Oruçla ilgili Ayet ve hadisler




HADİSLER


Orucun bir çok fazileti vardır. Oruç açlık acısı ile şehveti kırıp, nefsi kahreder. Zira nefis her şerrin (kötülüğün) barınağı, her kötülüğün arkadaşıdır. Sen onu itaate çektikçe, o seni masiyete sürüklemek ister. Gıdasını kesmedikçe sana uymaz, şehveti terk etmez. Gıdasını kesmekte ancak oruç ile olur.

Zira Peygamber Efendimiz (s.a.v.): "Ey gençler topluluğu! Kimin evlenmeye gücü yeterse evlensin. Zira evlilik gözü (harama) daha çok yuman, ırzı daha çok koruyan (bir yol) dur. Kiminde buna (evlenmeye) gücü yetmezse, ona oruç tutmak gerekir. Çünkü oruç ona eneme (gibi) dir." buyurmşlardır.

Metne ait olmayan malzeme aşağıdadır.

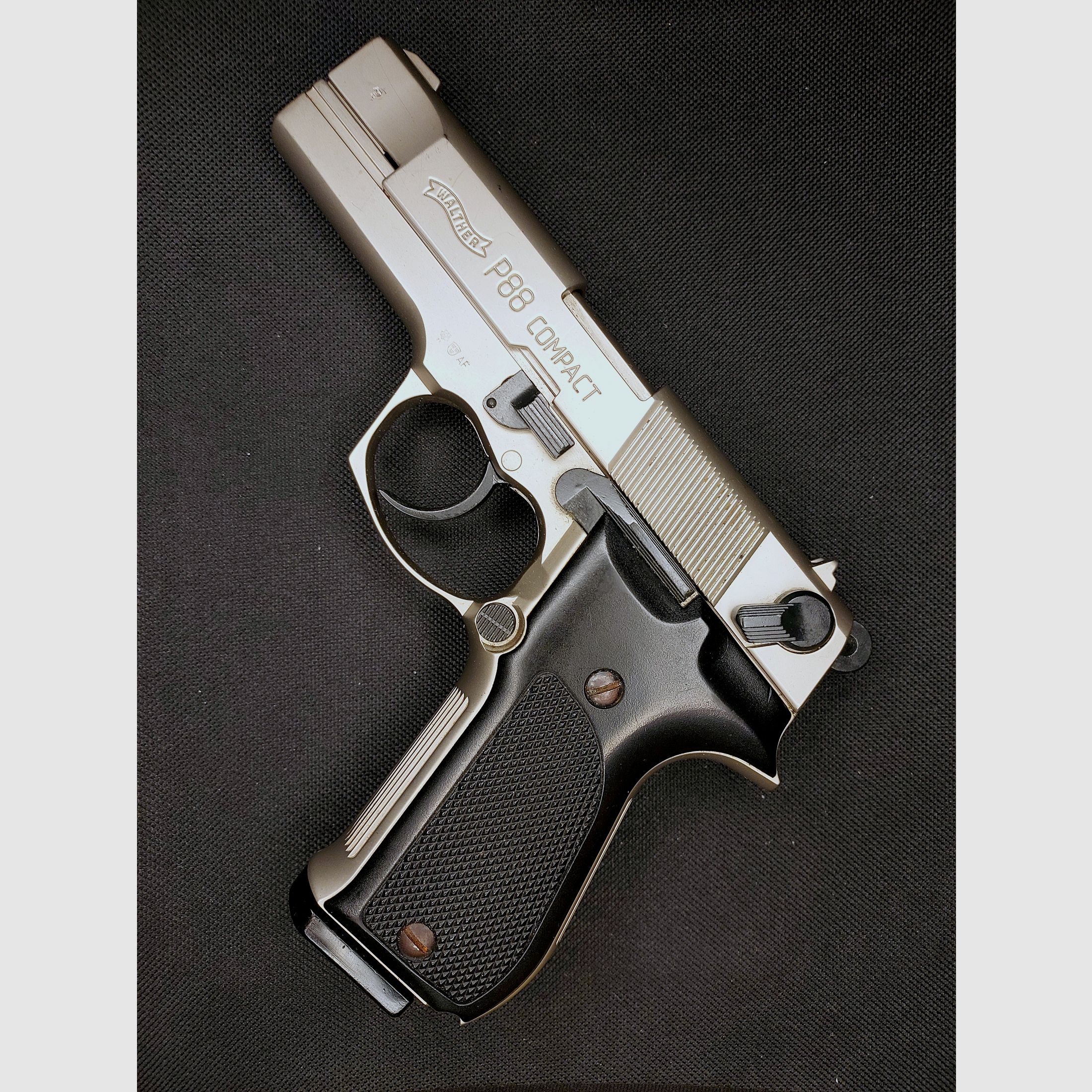 Walther P88-9 (P 88 Compact) Pistolet alarmowy 9mm P.A.K. Nikiel (PTB 764)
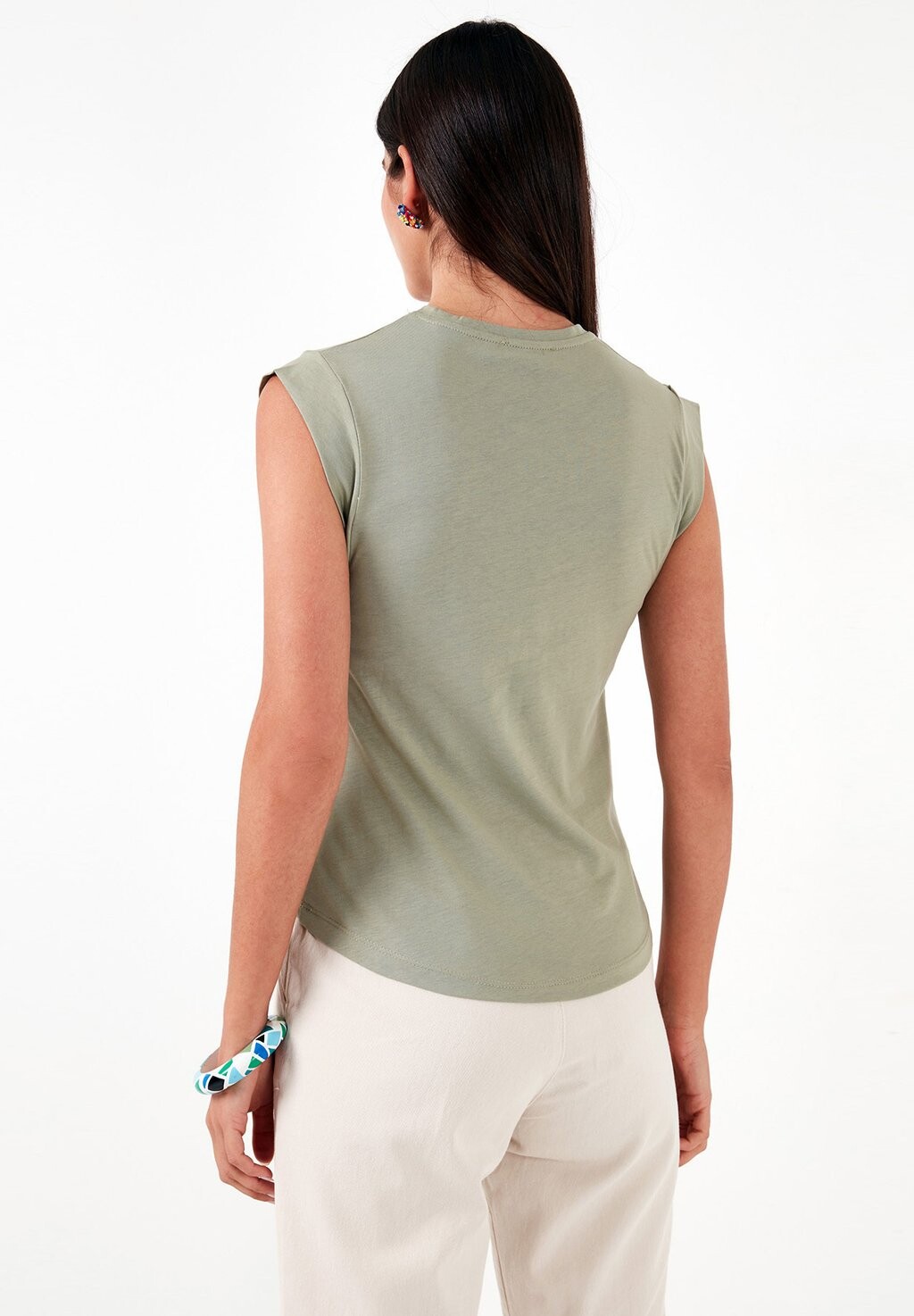 

Базовая футболка Crew Neck LELA, оливковая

Ramazan ayında tuttuğumuz orucun faziletine dair, bir çok Hadisi şerifler mevcuttur. Hadisi şeriflerden bazıları şöyledir:

"Kim (farz olduğuna) inanarak ve (sevabını) Allah'dan ümid ederek oruç tutarsa; geçmiş günahları bağışanır."

"Oruç kalın bağırsağı inceltir, (tokluk hissi olacağından az yemek yedirir)eti soldurur, (insanı zayıfltır) ve cehennem hararetinden uzaklaştırır."

"oruçlunun uykusu ibadet, sükutu teşbih,duası makbul ve ameli kat kattır (ecri sevabı kat kat ödenir)."

"Oruçlu için iki ferahlık vardır, biri iftarda, biri Rabbine kavuştuğunda."

"Cennetin sekiz kapısı arasında "Reyyan"isimli bir kapı vardır ki; ondan sadece oruçlular girer."

"Cennet dört Zümre'ye aşıktır.1. Kur'an okuyan 2. Diline sahip olan.3. açları doyuran, 4. Ramazan ayında oruç tutan."

"Nefsim kudretinde bulunan allaha yemin ederim ki, oruçlunun ağız kokusu,Allah katında misk'ten daha güzeldir (Hz.Allah oruçlu için ): "Kulum yemesini, içmesini ve şehvetini benim rızam için terk etti" buyurur,ve Meleklerine onun ile iftihar eder.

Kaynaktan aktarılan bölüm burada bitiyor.